CHRISTIE: There’s something kind of unique about Amazon Go and the name kind of hints at it because it’s not Amazon wait-in-line pay-with-cash.
AUDREY: It’s also not Amazon’s ‘scan your own thing at the checkout’.
CHRISTIE: Right.
AUDREY: I mean, they are sort of…I don’t know. I have so many feelings about this. They’re sort of legitimizing shoplifting-like behavior for people who have the right status.
CHRISTIE: Because with this store, you walk in, you take what you want off the shelves and you walk out. And somehow the store knows what you have. I think it involves launching a smartphone app or scanning a smartphone app, something like that. I’m not exactly sure at what point you…
AUDREY: I’m sure that there are some RFID tags in everything.
CHRISTIE: Right. But you do have to have a smartphone app. You can’t deal with just a credit card, is my understanding.
AUDREY: Right. And there’s no system at the shop to allow you to just do like a one-time deal, one-time participation.
CHRISTIE: You mean aside from installing the app and then uninstalling the app?
AUDREY: Yeah. What I mean is you can’t like walk in, get a paper ticket or something and then come do the thing at a little station setup for that.
CHRISTIE: Right. There’s no real anonymity and casualness.
AUDREY: You become tied into Amazon’s marketing automatically.
CHRISTIE: And the few articles I looked at didn’t really go into detail about how technically it works other than to say the store’s network have AI-infused sensor and camera systems to help you complete your purchase, scan your smartphone app. I don’t know how you scan an app or whatever, take something off the shelf and leave.
AUDREY: Presumably, they just [inaudible] a barcode on the screen like we do for a lot of things.
CHRISTIE: Not for every product, right? Like when we scan it when you walk into the store or…
AUDREY: Yeah. I would hope so. I mean, have you seen any photos from inside this thing?
CHRISTIE: Do we need to make a field trip? I think there’s one in Seattle or am I just assuming?
AUDREY: Yeah.
CHRISTIE: Do we need to take a field trip?
AUDREY: I’m always up for field trips.
CHRISTIE: We haven’t done any live, like on the ground podcast segment. What are you doing next Friday? Let’s go to Seattle and go shopping. That’s a long way to drive and my car hasn’t had an oil change in 6 months and still has an exploding airbag.
AUDREY: Yeah, that might be a little bit tricky.

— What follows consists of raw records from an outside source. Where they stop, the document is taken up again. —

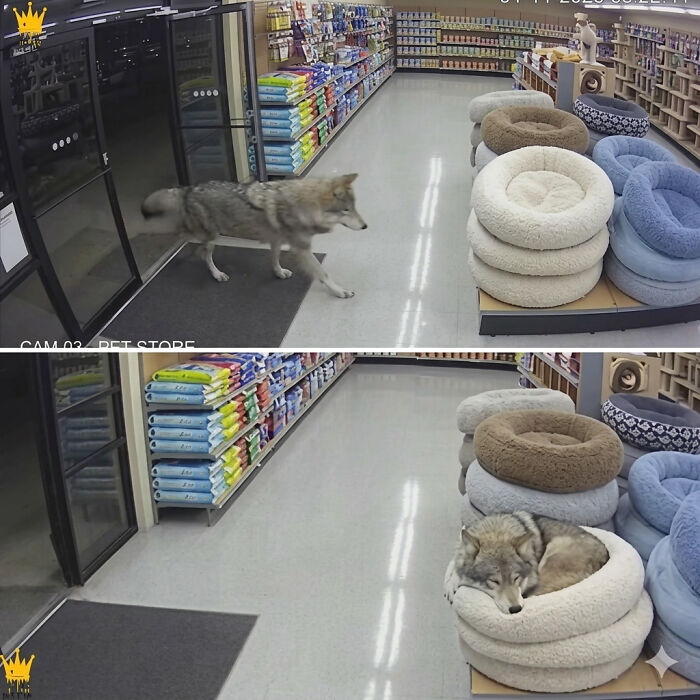 33 Wholesome And Funny Animal Pics That Will Instantly Make Your Day Better (New Pics)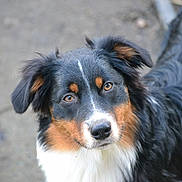 Lina a rejoint le concours — aidez-le/la à gagner de superbes lots ! australian_shepherd, border_collie, carnivoran, companion_dog, dog, dog_breed, dog_breed_group, dog_like_mammal, english_shepherd, miniature_australian_shepherd, scotch_collie, snout, welsh_sheepdog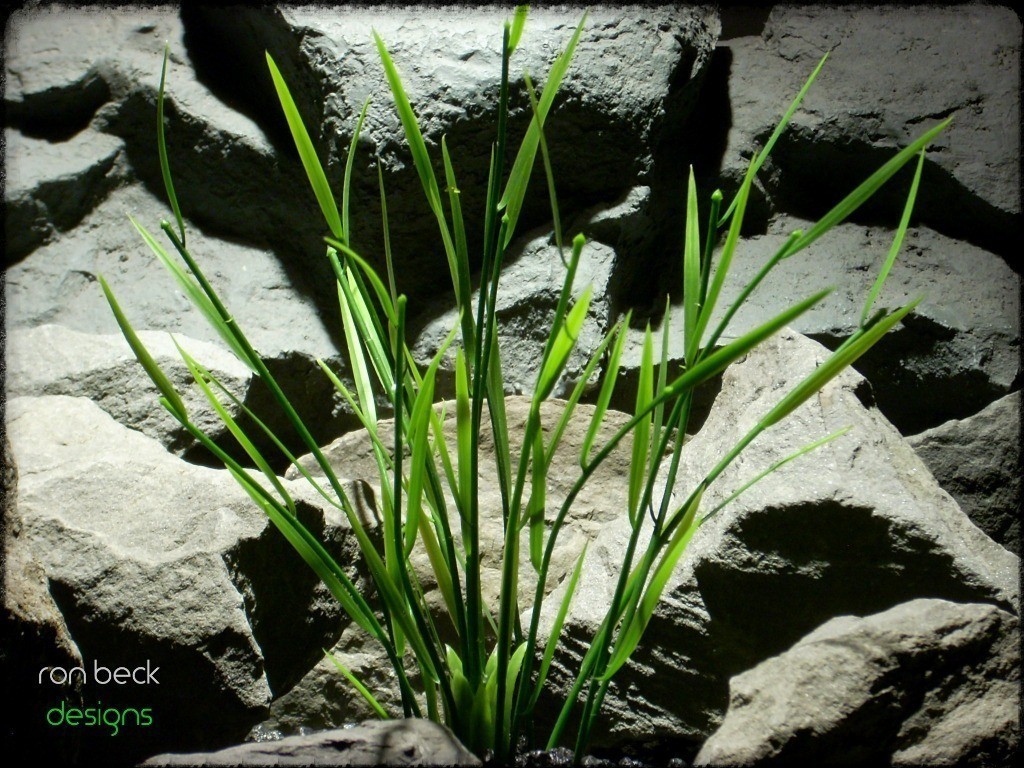 aquarium plant: bamboo shoots from ron beck designs. pap225 2
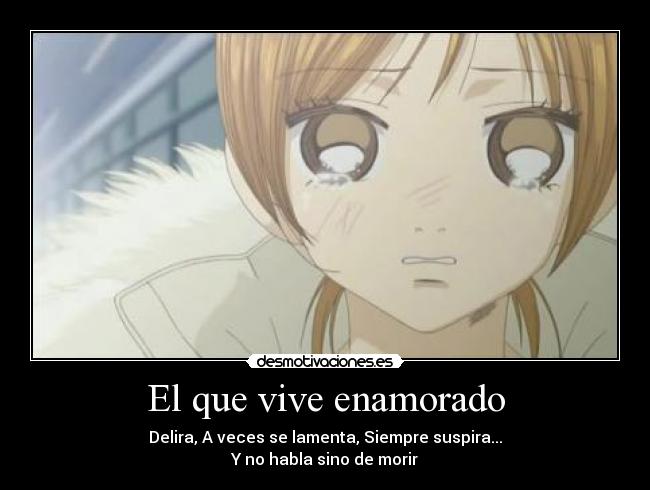 El que vive enamorado -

CHRISTIE: Yeah. I’m still waiting for my driver’s side airbag. Anyway, maybe Amazon will get into the airbag business in the meantime and I’ll be saved.
AUDREY: I don’t think you’ve actually talked about this on the podcast that your car has a recall for the airbags where the company went out of business. Is that right?
CHRISTIE: I drive a Nissan Versa and it’s old and it’s part of the Takata airbag recall. So, I got a notice for the passenger side with no ETA when the airbags will be ready and then another [inaudible] for the driver’s side. The recall has been so widespread that Takata went out of business — not went out of business but they’re in some form of bankruptcy proceedings. So, that has complicated the whole matter. I really need to check up on that actually but it’s one of those ‘wait for a notification from the dealership’ that they have airbags for you.
AUDREY: And it’s been quite a while.
CHRISTIE: Over a year, yeah, I think, at this point. So anyway, aside from this being a weird further progression down the surveillance capitalism continuum, there’s also some practical [inaudible] concerns. Were you kind of [inaudible] that this is another case of technology being available but not evenly distributed? And then it requires a smartphone, presumably it requires a credit card. I don’t know if you can use it with just a debit card and you certainly can’t use it with EBT which is the card you get with SNAP, a lot of people know this – food stamps. I don’t know how many people know that it’s not stamp. It’s not paper system anymore. I don’t know how long it hasn’t been a paper system, but I think for quite some time at this point.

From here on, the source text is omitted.